Even some liberals are joining the chorus to praise the public relations coup the president-elect just scored in saving 1,000 Carrier jobs in Indiana. The company had planned to move them to Mexico and today, Donald Trump and Mike Pence will take a victory lap in Indianapolis for the deal they brokered to keep them in the U.S. Nelson Schwartz at the New York Times went so far as to suggest it is a “Nixon goes to China” moment.
It also signals that Mr. Trump is a different kind of Republican, willing to take on big business, at least in individual cases.
And just as only a confirmed anti-Communist like Richard Nixon could go to China, so only a businessman like Mr. Trump could take on corporate America without being called a Bernie Sanders-style socialist.
But for those who have critiqued a lack of transparency when it comes to negotiating trade deals, we actually don’t know what the incoming administration promised to Carrier to save those jobs. It is clear that vice president elect Pence, who still serves as Governor of Indiana, offered a state tax break in the neighborhood of $700,000/year over a period of years. But that part of the deal will have to be approved by the Indiana Economic Development Corporation. John Mutz, who serves on that board said that Carrier had previously turned down a similar deal they offered before the election. So there’s more to it than that.
Many are suggesting that perhaps Trump and Pence threatened Carrier’s parent company, United Technologies, with losses in their $56 billion revenue from federal contracts. But as Max Ehrenfreund notes, that’s not likely.
Observers have said that those federal contracts probably would be secure regardless of what happened at the Indianapolis plant. United Technologies is a crucial supplier for the Pentagon. In the years to come, however, a positive relationship with the new administration could have benefits for United Technologies that are difficult to predict.
Here’s how one analyst put it:
While the standoff loomed large in the lives of its employees in Indiana, for United Technologies the forgone savings is tiny — equivalent to about 2 cents per share in earnings.
“Every penny counts, but if we step back and I’m looking at earnings of $6.60 per share this year, 2 cents is an easy concession if the president-elect listens to some of the company’s bigger concerns,” said Howard Rubel, a senior equity analyst with Jefferies, an investment banking firm in New York.
Alan Murray obtained information about what those “bigger concerns” might be.
A source close to the company said President-elect Trump called Greg Hayes, CEO of Carrier’s parent company United Technologies, two weeks ago and asked him to rethink the decision to close the Carrier plant in Indiana.
Hayes explained that the jobs were lower-wage and had high turnover, and the move was necessary to keep the plant competitive, according to the source.
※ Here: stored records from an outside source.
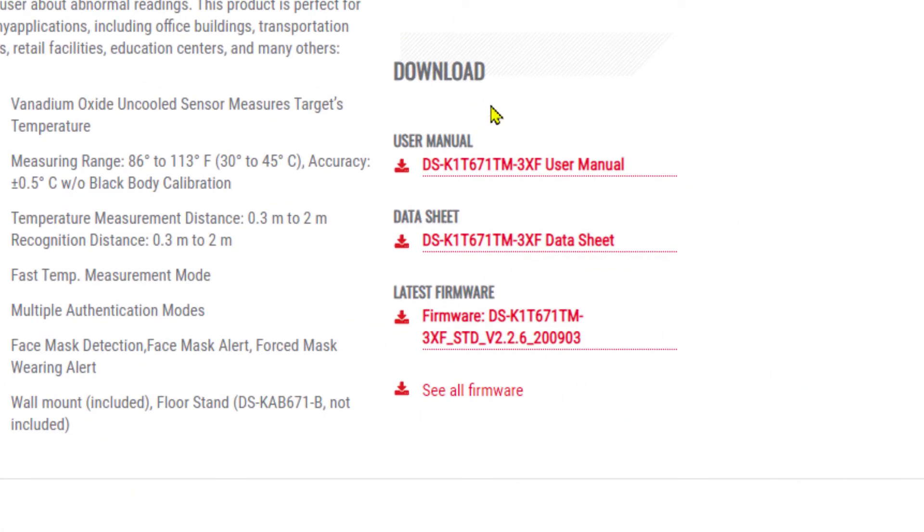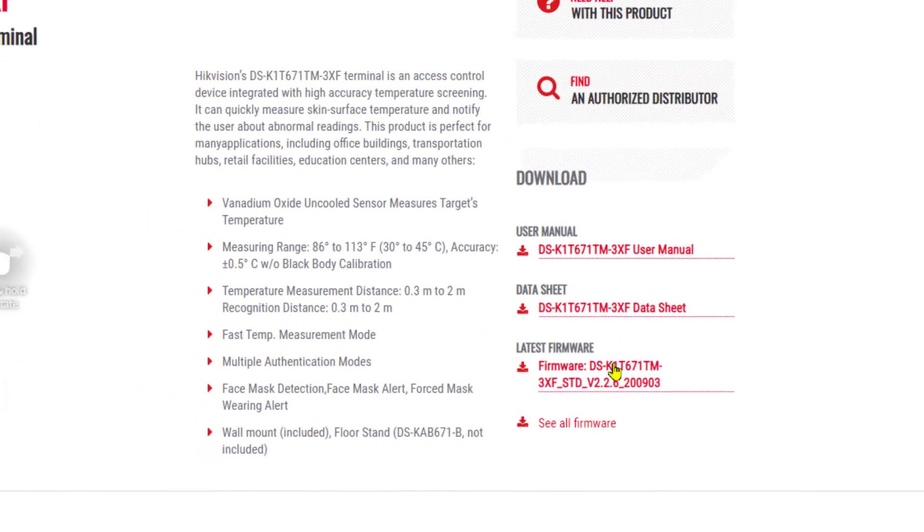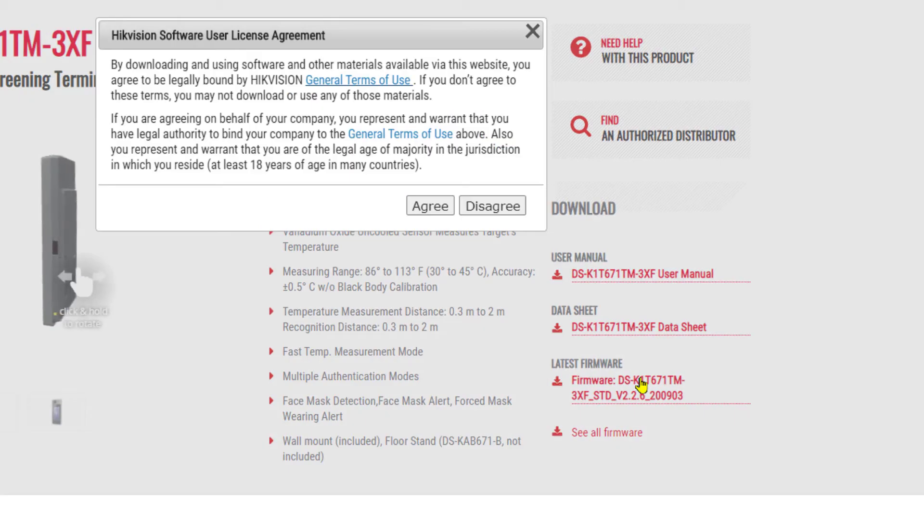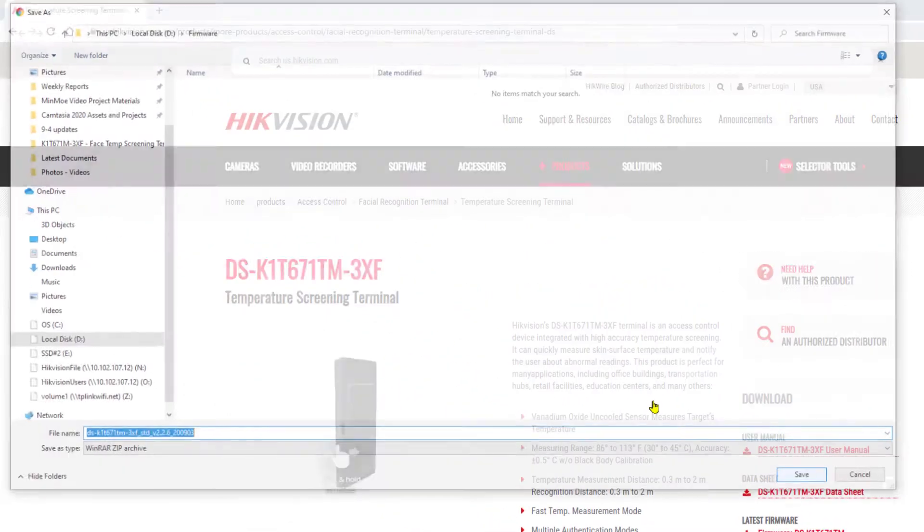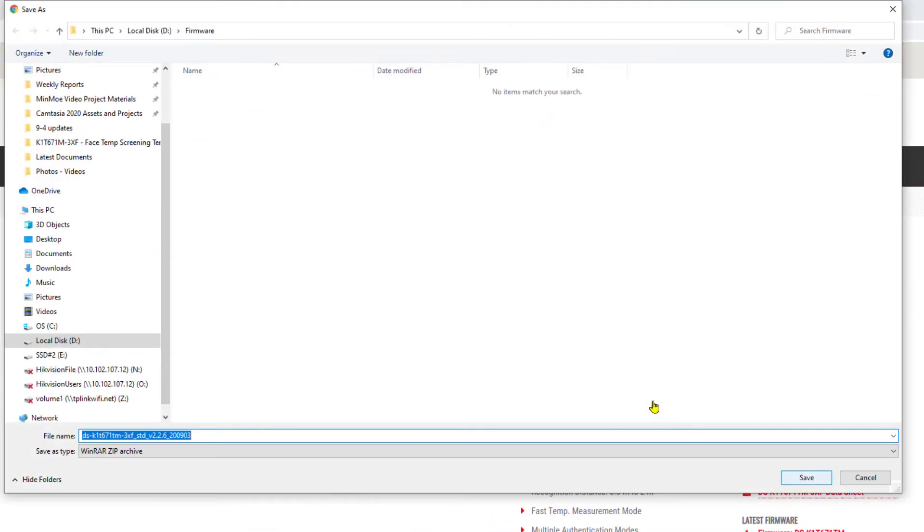I'm going to select it and here's my download section. I can get the latest user manual, the data sheet, and here we have the latest firmware. I want to go ahead and select this, agree, and start the download process.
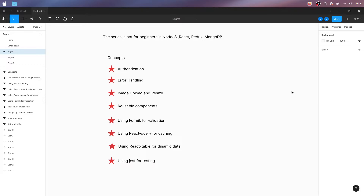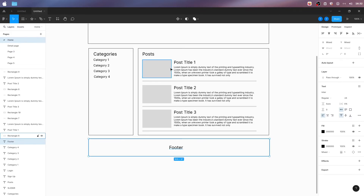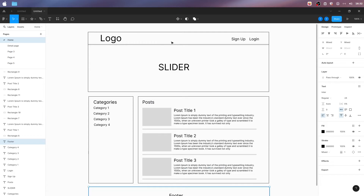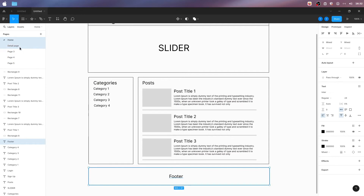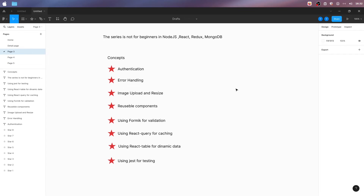This series is showing you how to combine all the technologies to create a custom CMS like this one, with categories and posts, where you will learn concepts like authentication, error handling, image upload and resize, reusable components in React, and using libraries like Formik for validation, React Query for caching, and React Table for dynamic data and Jest for testing.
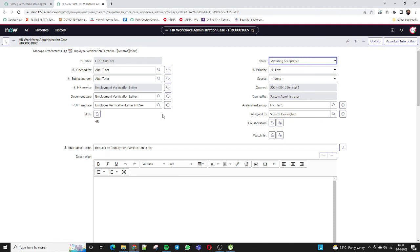I hope this video was helpful in understanding how HRSD helps automate document generation. In the next video, we will configure the details — how to create the HR service, map the document type to PDF templates, and associate those templates to the COE. I will also cover onboarding scenarios with child tasks in a separate session. If you liked this video, please subscribe to the channel and share it. Thank you!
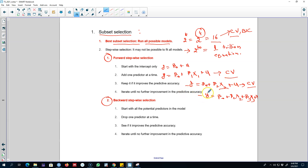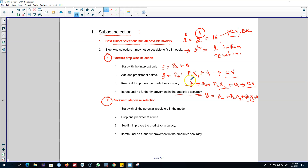Otherwise we drop x3 and include x4. We keep repeating this procedure until we cannot see any further improvement in the predictive accuracy. So in forward stepwise selection: start with the intercept only, include one variable at a time — if it improves accuracy keep it, otherwise drop it and add another variable — and continue until no further improvement is seen.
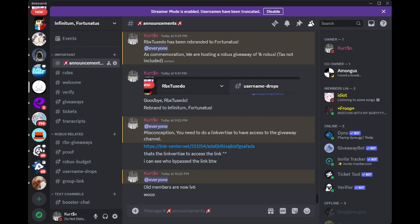Hello everyone, my name is Nerobilty and today I'll be talking about RBX Tuxedo. Well, it used to be RBX Tuxedo, now it's Fortunatus.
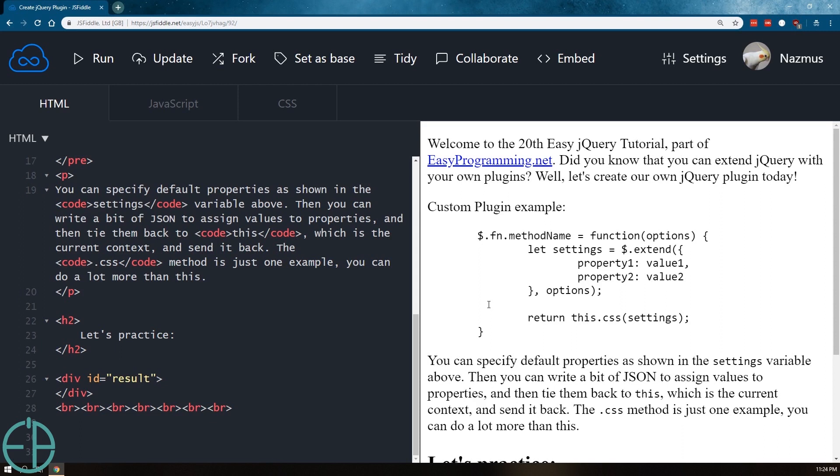Hey there, welcome to the 20th easy jQuery tutorial part of vzprogramming.net. In this tutorial we're going to explore creating your own custom jQuery plugins. jQuery is extremely powerful because it gives you so many tools to work with and it also allows you to extend their library and add your own code to their library as if it was part of jQuery.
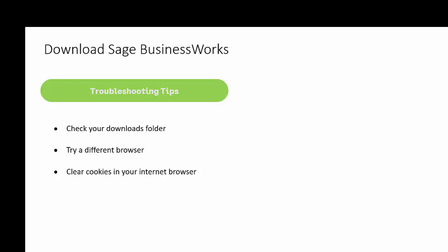If you're in a loop trying to get to the downloads, try a different browser. For example, if you're using Chrome, try using Microsoft Edge or Firefox.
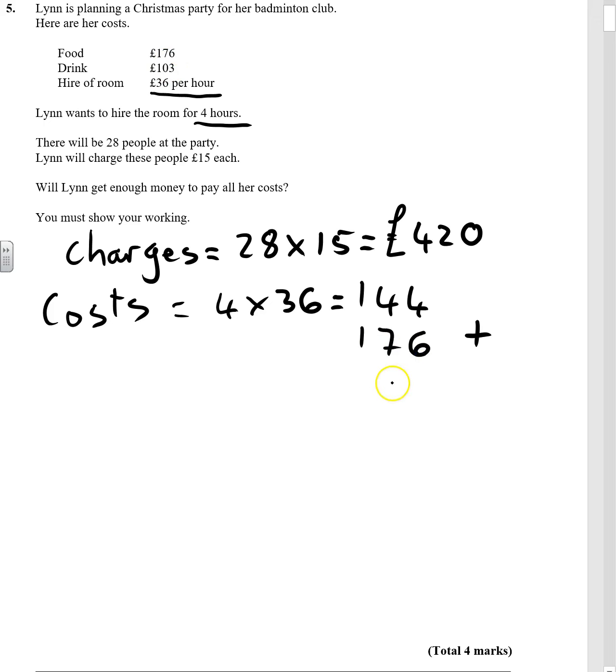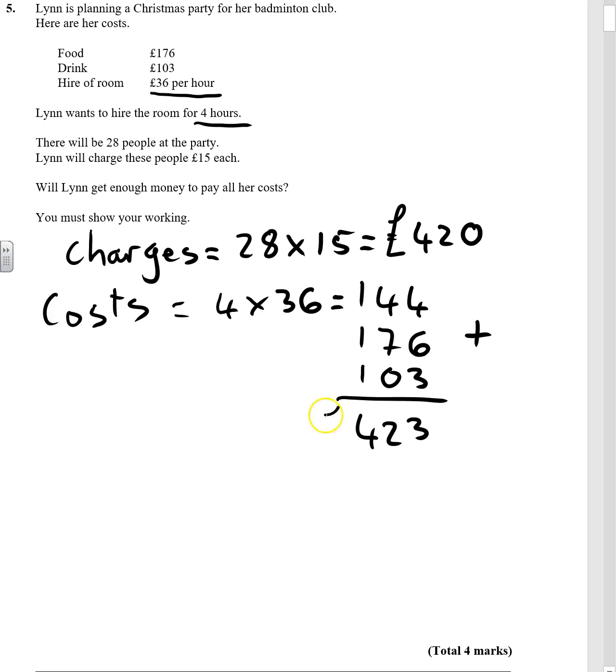And then we need to add on the food and the drink. So 176 and 103. We add all those together. We get 423 pounds.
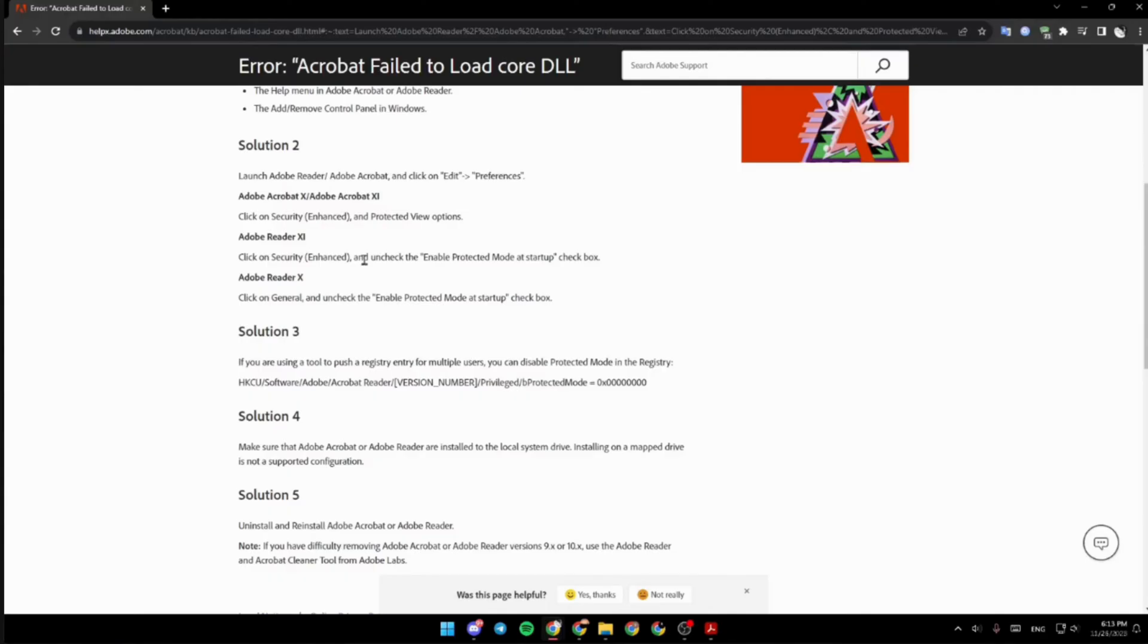Simply uninstall the application and then reinstall it again. Reinstalling the app will definitely fix the issue, and then you'll be good to go.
He said the plan would save the company $65 million a year.
President-elect Trump replied that those savings would be dwarfed by the savings UTC would enjoy from corporate tax-rate reductions he planned to put in place. During the recent campaign, Trump threatened to slap tariffs on Carrier imports from Mexico.
What that means is that the tax cuts Trump is promising will dwarf the $65 million/year UTC would save from moving those jobs to Mexico. That kind of approach – providing corporate tax cuts to incentivize companies to stay in the U.S. instead of imposing tariffs/taxes on those who leave – is exactly the approach favored by Speaker Paul Ryan and Trump’s incoming Treasury Secretary Steven Mnuchin. So that explanation has the ring of truth. The end result is that it looks like our president-elect just offered UTC an amount of money in excess of $65 million/year in order to save 1,000 jobs. They could have just as easily offered to pay each of those workers more than $65,000/year.
Meanwhile, what effect does that have on workers? In the case of Carrier, there are two things to note. First of all, while Trump/Pence will celebrate saving 1,000 jobs, this is still going to happen:
Some 1,300 jobs will still go to Mexico, which includes 600 Carrier employees, plus 700 workers from UTEC Controls in Huntington, Ind.
In other words, all of the promises Trump/Pence made didn’t include the other 1,300 jobs the company is still planning to outsource to Mexico.
Secondly, what about those 1,000 that were saved? John Mutz suggests that there is still a question about how long they’ll stay. Ehrenfreund notes that the company had already built a new plant outside Monterrey, Mexico – so one has to wonder if they’ll simply abandon it now.
It’s clear that, regardless of these facts, Trump has scored a PR victory because the media is determined to report it that way rather than ask questions. But we should all know better by now. Our president-elect has demonstrated over and over again that, rather than the “art of the deal,” he is proficient in the “art of the con.”